* **TASK DESCRIPTION**
Copy out exactly the lines that begin with the one containing "2023 JAGUAR F-PACE 2023 JAGUAR F-PACE" and continue until the last line of the material.
[TASK MATERIAL Boundary: Start]
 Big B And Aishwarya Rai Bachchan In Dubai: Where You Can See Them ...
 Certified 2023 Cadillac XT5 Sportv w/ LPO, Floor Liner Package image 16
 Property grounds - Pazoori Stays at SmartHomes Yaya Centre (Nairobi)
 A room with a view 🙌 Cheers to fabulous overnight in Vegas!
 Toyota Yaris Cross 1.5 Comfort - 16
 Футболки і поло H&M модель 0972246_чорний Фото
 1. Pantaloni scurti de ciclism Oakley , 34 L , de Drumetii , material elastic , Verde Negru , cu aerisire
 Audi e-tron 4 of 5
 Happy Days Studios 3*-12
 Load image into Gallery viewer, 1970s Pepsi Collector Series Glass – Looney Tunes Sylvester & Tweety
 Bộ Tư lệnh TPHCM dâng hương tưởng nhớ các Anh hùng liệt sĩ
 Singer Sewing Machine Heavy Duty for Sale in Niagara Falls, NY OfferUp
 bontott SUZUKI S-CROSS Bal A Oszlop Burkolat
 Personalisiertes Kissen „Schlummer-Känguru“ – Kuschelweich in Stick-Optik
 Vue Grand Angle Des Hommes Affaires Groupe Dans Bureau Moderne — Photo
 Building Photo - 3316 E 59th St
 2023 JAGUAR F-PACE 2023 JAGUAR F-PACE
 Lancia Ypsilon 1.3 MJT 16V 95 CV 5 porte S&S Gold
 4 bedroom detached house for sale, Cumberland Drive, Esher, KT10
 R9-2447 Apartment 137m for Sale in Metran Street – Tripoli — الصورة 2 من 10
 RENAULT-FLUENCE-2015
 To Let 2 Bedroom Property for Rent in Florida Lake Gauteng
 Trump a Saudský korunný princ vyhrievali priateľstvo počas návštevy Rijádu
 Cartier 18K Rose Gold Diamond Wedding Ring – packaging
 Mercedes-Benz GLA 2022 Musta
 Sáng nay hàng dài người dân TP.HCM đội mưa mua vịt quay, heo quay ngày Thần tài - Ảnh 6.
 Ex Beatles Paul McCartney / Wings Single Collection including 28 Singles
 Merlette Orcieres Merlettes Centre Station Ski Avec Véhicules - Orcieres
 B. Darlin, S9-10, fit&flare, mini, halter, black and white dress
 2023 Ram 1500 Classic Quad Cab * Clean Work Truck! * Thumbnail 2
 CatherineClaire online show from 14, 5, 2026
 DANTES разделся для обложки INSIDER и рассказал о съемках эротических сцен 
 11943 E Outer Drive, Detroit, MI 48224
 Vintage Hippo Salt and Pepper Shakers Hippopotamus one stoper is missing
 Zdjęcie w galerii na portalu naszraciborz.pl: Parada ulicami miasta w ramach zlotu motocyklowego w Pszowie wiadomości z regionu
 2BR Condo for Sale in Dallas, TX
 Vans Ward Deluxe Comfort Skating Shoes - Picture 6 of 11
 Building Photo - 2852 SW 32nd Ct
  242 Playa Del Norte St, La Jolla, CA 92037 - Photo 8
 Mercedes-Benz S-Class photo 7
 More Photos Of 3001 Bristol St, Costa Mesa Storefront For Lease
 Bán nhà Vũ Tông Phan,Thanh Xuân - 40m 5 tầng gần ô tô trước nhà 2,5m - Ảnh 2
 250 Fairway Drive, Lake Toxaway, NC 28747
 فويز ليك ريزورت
[TASK MATERIAL Boundary: End]
* **TASK RESULT**
 2023 JAGUAR F-PACE 2023 JAGUAR F-PACE
 Lancia Ypsilon 1.3 MJT 16V 95 CV 5 porte S&S Gold
 4 bedroom detached house for sale, Cumberland Drive, Esher, KT10
 R9-2447 Apartment 137m for Sale in Metran Street – Tripoli — الصورة 2 من 10
 RENAULT-FLUENCE-2015
 To Let 2 Bedroom Property for Rent in Florida Lake Gauteng
 Trump a Saudský korunný princ vyhrievali priateľstvo počas návštevy Rijádu
 Cartier 18K Rose Gold Diamond Wedding Ring – packaging
 Mercedes-Benz GLA 2022 Musta
 Sáng nay hàng dài người dân TP.HCM đội mưa mua vịt quay, heo quay ngày Thần tài - Ảnh 6.
 Ex Beatles Paul McCartney / Wings Single Collection including 28 Singles
 Merlette Orcieres Merlettes Centre Station Ski Avec Véhicules - Orcieres
 B. Darlin, S9-10, fit&flare, mini, halter, black and white dress
 2023 Ram 1500 Classic Quad Cab * Clean Work Truck! * Thumbnail 2
 CatherineClaire online show from 14, 5, 2026
 DANTES разделся для обложки INSIDER и рассказал о съемках эротических сцен 
 11943 E Outer Drive, Detroit, MI 48224
 Vintage Hippo Salt and Pepper Shakers Hippopotamus one stoper is missing
 Zdjęcie w galerii na portalu naszraciborz.pl: Parada ulicami miasta w ramach zlotu motocyklowego w Pszowie wiadomości z regionu
 2BR Condo for Sale in Dallas, TX
 Vans Ward Deluxe Comfort Skating Shoes - Picture 6 of 11
 Building Photo - 2852 SW 32nd Ct
  242 Playa Del Norte St, La Jolla, CA 92037 - Photo 8
 Mercedes-Benz S-Class photo 7
 More Photos Of 3001 Bristol St, Costa Mesa Storefront For Lease
 Bán nhà Vũ Tông Phan,Thanh Xuân - 40m 5 tầng gần ô tô trước nhà 2,5m - Ảnh 2
 250 Fairway Drive, Lake Toxaway, NC 28747
 فويز ليك ريزورت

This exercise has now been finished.